Although President Trump continues urging the Fed to reduce short-term interest rates, Treasury Secretary Scott Bessent has suggested recently that both he and Trump are focusing less on the central bank and more on bringing down the key rate set by financial markets: the yield on the 10-year Treasury note.
The task isn't easy. A benchmark for rates on everything from mortgages to corporate bonds, the 10-year yield shifts with market and economic forces largely beyond the control of the White House. Yields on Treasurys fall when their prices rise, so any effort to lower them would either need to reduce government borrowing -- thereby decreasing the supply of bonds -- or make U.S. debt more appealing to investors.
The most obvious way that presidents can move Treasury yields is through fiscal policy. A smaller budget deficit means less government borrowing and a reduced supply of new Treasurys. That can push up the prices of existing bonds, driving their yields lower.

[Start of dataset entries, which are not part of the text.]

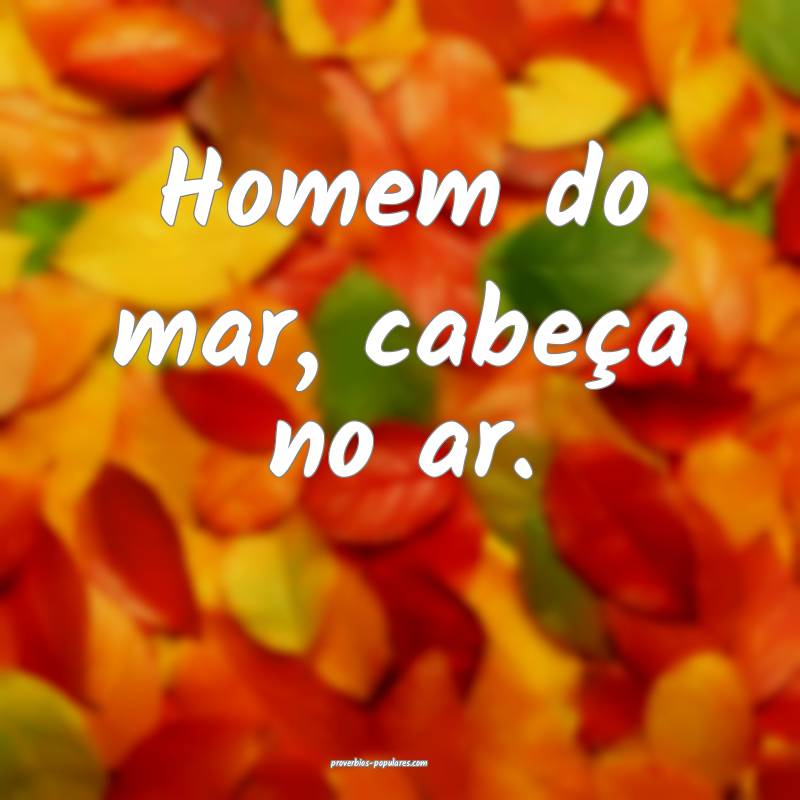 Homem do mar, cabeça no ar.
...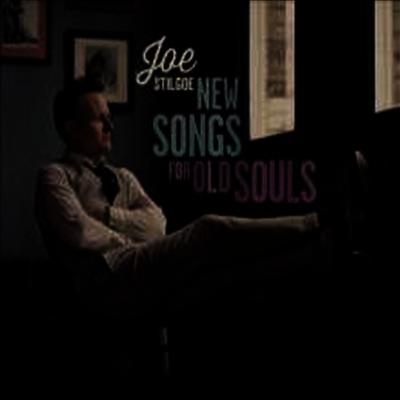Joe Stilgoe — New Songs For Old Souls 앨범 커버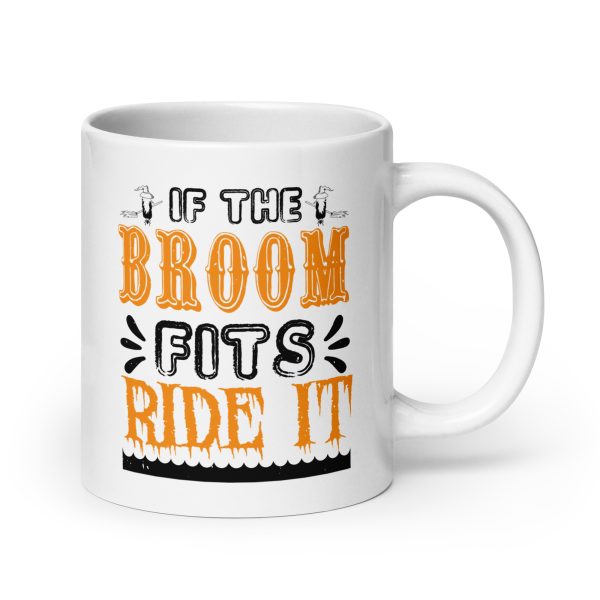 If the broom fits ride it funny Halloween coffee mug / cup - Image 7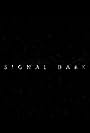 Signal Dark (2020)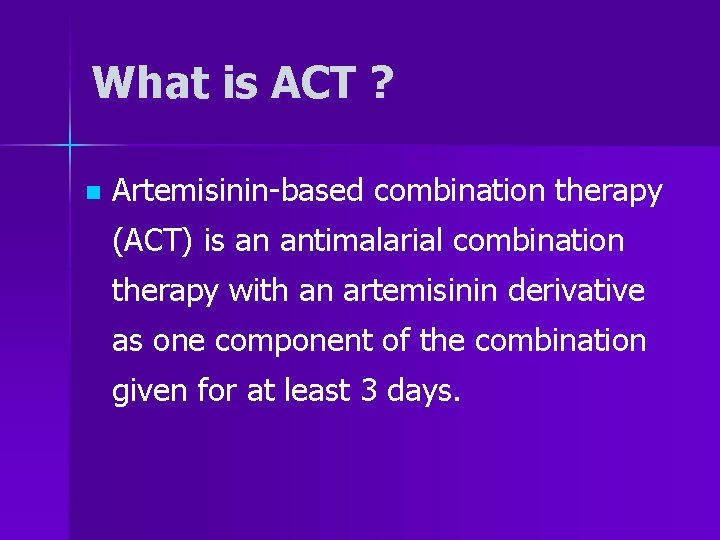 What is ACT ? n Artemisinin-based combination therapy (ACT) is an antimalarial combination therapy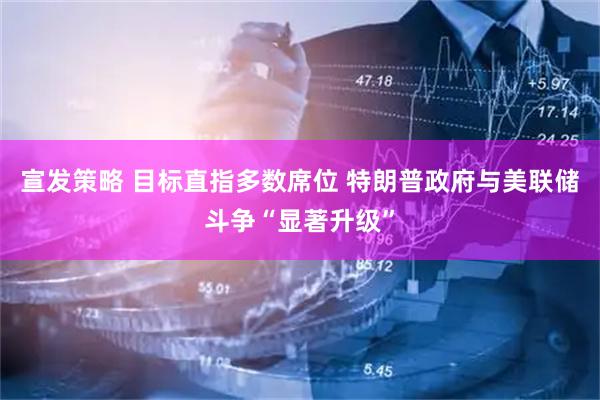 宣发策略 目标直指多数席位 特朗普政府与美联储斗争“显著升级”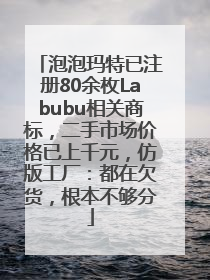 泡泡玛特已注册80余枚Labubu相关商标，二手市场价格已上千元，仿版工厂：都在欠货，根本不够分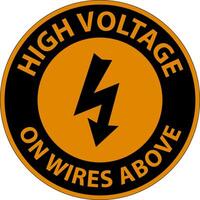 Warning High Voltage On Wires Above Sign On White Background vector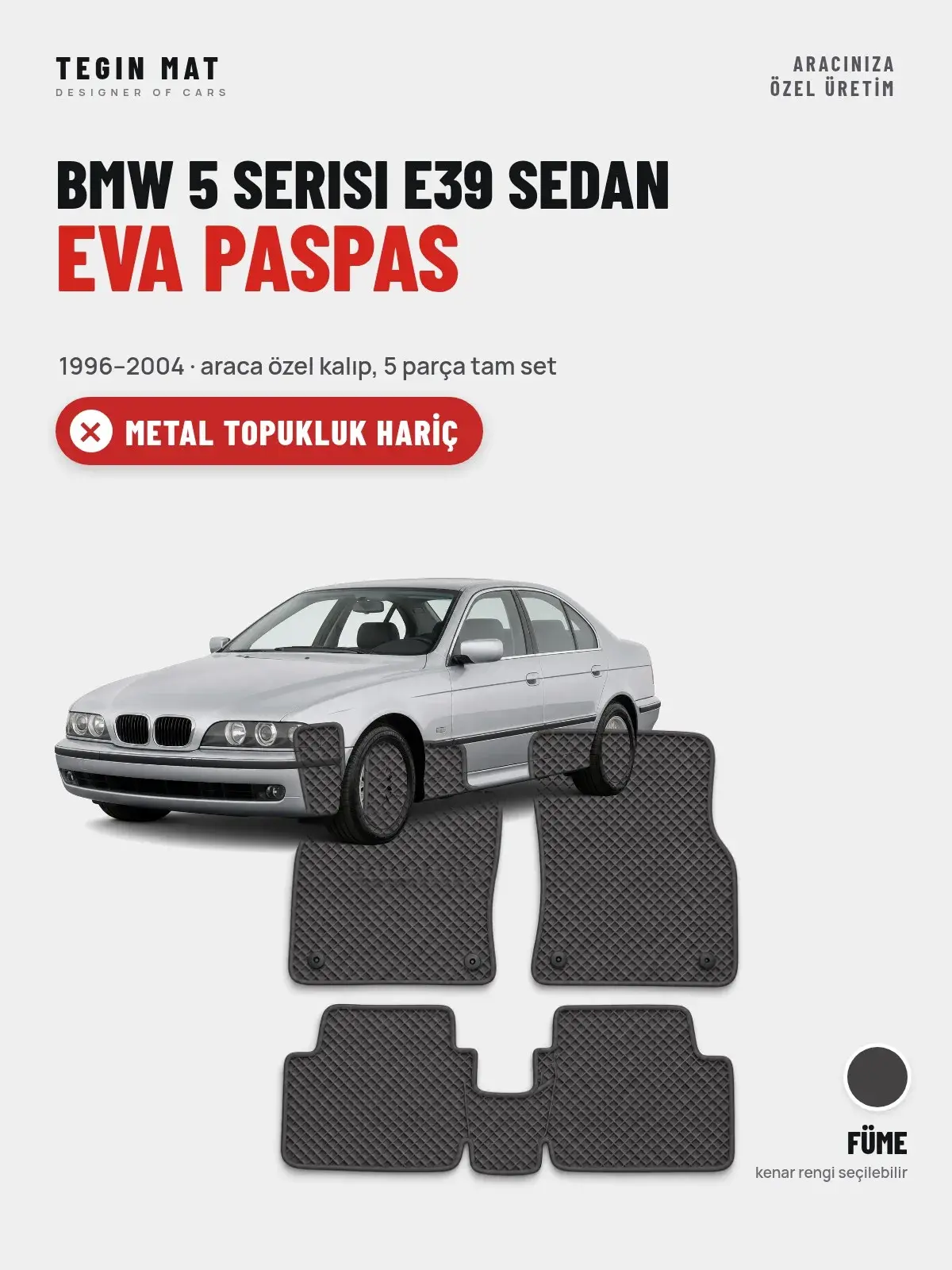 BMW 5 Serisi E39 Sedan EVA Oto Paspas Tam Set (1996–2004) Füme – Metal Topukluk Hariç (1)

Bessent recently leaned into this idea in an interview with Bloomberg Television, arguing that the 10-year yield could decline if the Elon Musk-led Department of Government Efficiency is able to reduce government spending.
Administrations also have discretion over the types of debt they issue. To avoid putting pressure on longer-term yields, Treasury can issue more T-bills, which mature in a year or less, rather than notes and bonds that carry two- to 30-year maturities.
Bessent had previously criticized the Biden administration for relying too much on T-bills and suggested that issuance of longer-term debt might need to increase. But he took a different position in the ...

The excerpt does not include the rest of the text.